Goldsmith considers himself more of an outdoorsman -- he's fond of camping, fly fishing and sailing -- than a hardcore sports fans. His sports highlight was attending the 1972 Muhammad Ali-Jerry Quarry championship fight in Las Vegas. The actor plans on keeping the Most Interesting Man role for as long as he can. "Fine wine gets better with age so I imagine the Man will be around for a while," he said.
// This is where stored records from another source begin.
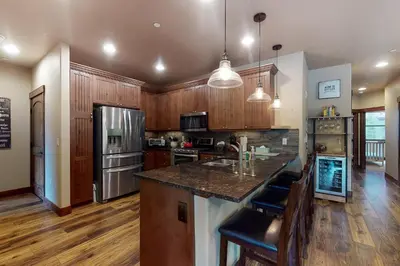 a large kitchen with wooden cabinets and a counter top at Riverfront Retreat in Silverthorne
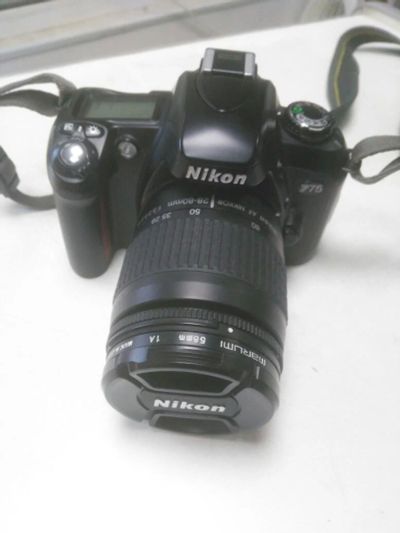 Лот: 9258512. Фото: 1. Nikon f75 + nikkor 28-80, marumi58mm. Плёночные зеркальные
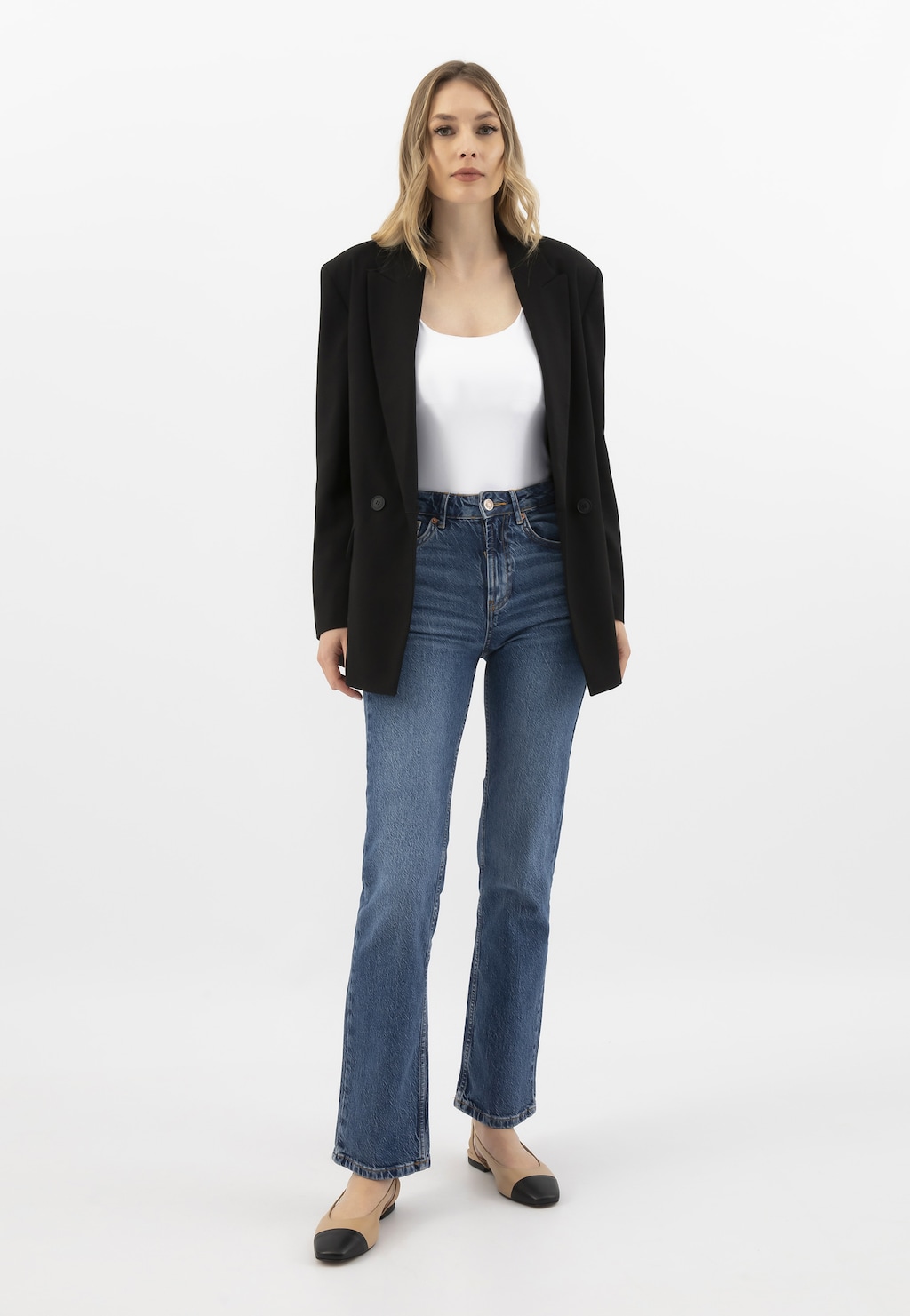 Elegancki outfit z dwukolorowymi balerinami Wojas 44032-54 z odkrytą piętą. Stylizacja z czarnym żakietem, białym topem i jeansami podkreśla uniwersalny charakter obuwia.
Excellent news. Stay visible, my friend.

8. and 9. Patriots tackle Matt Light and Jets center Damian Woody, budding broadcasters: Ask an NFL beat writer about the go-to guys in his or her locker room and it won't be long before an offensive lineman's name comes up. Light and Woody attended last week's annual NFL Broadcast Boot Camp at NFL Films headquarters in Mount Laurel, N.J., where 24 current and former players took part in a four-day league and NFLPA initiative to help prepare players for their post-playing careers. The 14-hour days included seminars in all facets of broadcasting, from studio analysis to field reporting to radio hosting to taped on-camera segments. Of the group I followed on the first day of classes, the two linemen and Jaguars running back Maurice Jones-Drew showed promise.
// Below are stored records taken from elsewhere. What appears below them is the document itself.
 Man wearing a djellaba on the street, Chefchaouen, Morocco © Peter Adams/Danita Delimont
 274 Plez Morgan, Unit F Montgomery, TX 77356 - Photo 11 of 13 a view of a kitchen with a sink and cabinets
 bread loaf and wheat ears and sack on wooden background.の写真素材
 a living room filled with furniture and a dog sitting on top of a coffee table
"Offensive linemen are usually some of the most knowledgeable guys in football, even though we are unheralded," Woody said. "We're insightful, smart guys, and articulate. I think Matt is someone who can do well in this environment. He's a funny guy and I think he'd be a spontaneous guy on the set."
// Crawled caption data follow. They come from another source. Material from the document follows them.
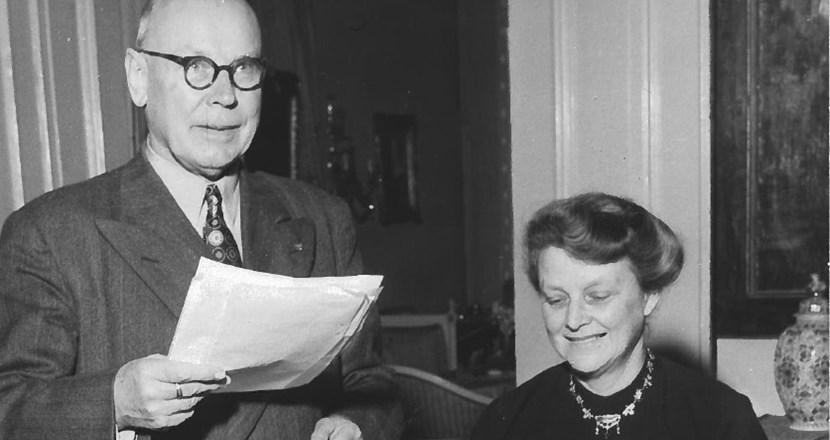 Svartvitt foto på en man och en kvinna. Mannen håller i ett papper. Kvinnan skriver på en skrivmaskin. Foto.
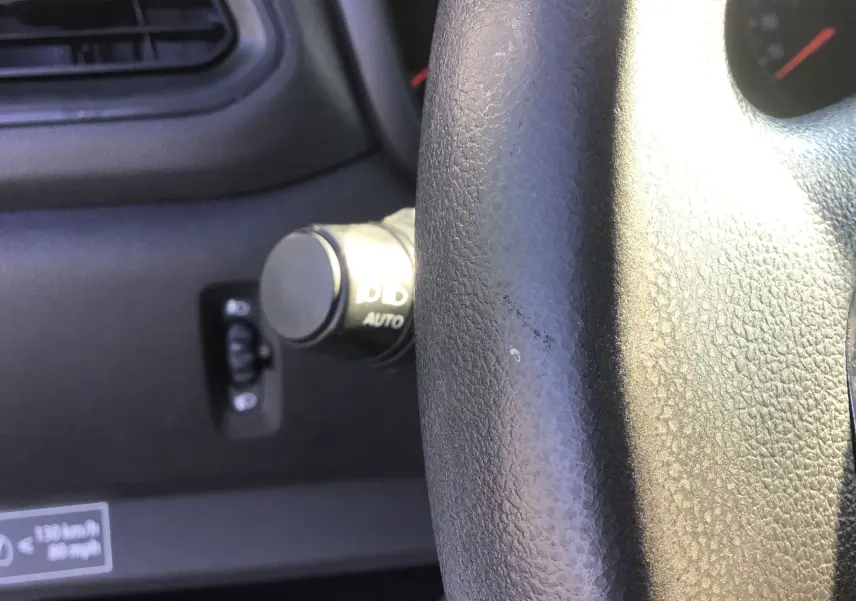 Gros plan sur le volant noir et la commande d'éclairage à gauche du tableau de bord du Renault Master blanc 2022.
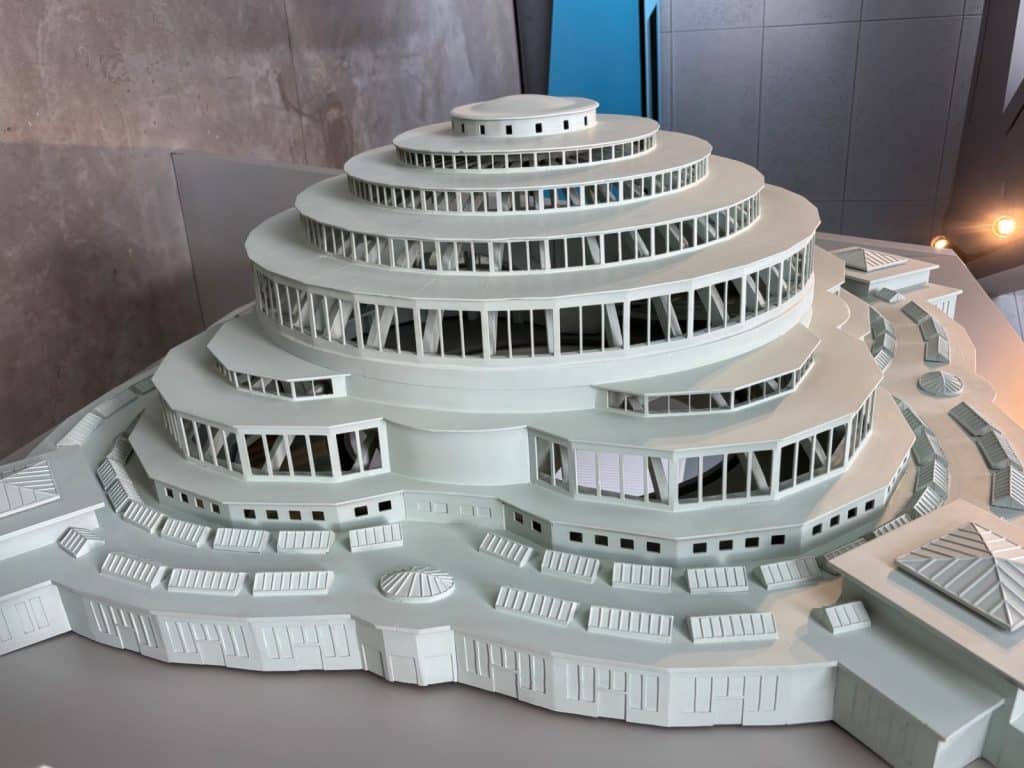 Ein detailliertes, weißes Architekturmodell der Breslauer Jahrhunderthalle im Besucherzentrum zeigt die markante, abgestufte Kuppelstruktur mit ihren Fensterreihen und den umliegenden Anbauten.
NBC Sports coordinating producer Molly Solomon, one of the many management types on hand, told the participants that there was no better time to be in the business because of the proliferation of regional networks such as the Big Ten Network. Instructors advised the players to focus on learning the game beyond their position and look to Saturdays instead of Sundays, given that there are fewer than 20 NFL television analyst jobs. "It's harder to make it as an NFL analyst," Fox Sports producer Bill Brown said, "then it is the NFL."

10. The Best Damn Sports Show, Period, former FSN show: When Best Damn made its debut in 2001, I labeled it "the worst damn hour in sports broadcasting, exclamation point" thanks to a steady diet of jokes about toilet seats, pap smears and big butts. Plenty of people floated through the set over the years, including Tom Arnold, Rob Dibble, John Kruk, Michael Irvin, Chris Rose, John Salley, Michael Strahan and even Deacon Jones. The show continued to have plenty of juvenile tendencies but it cleaned up its act from its cesspool beginnings. It also made a legitimate attempt to get A-list sports guests. Best Damn ended its original run this week after eight years, an eternity in sports television. It taped its last show Monday. Wide World of Sports it was not, and while I won't miss it, I recognize some will.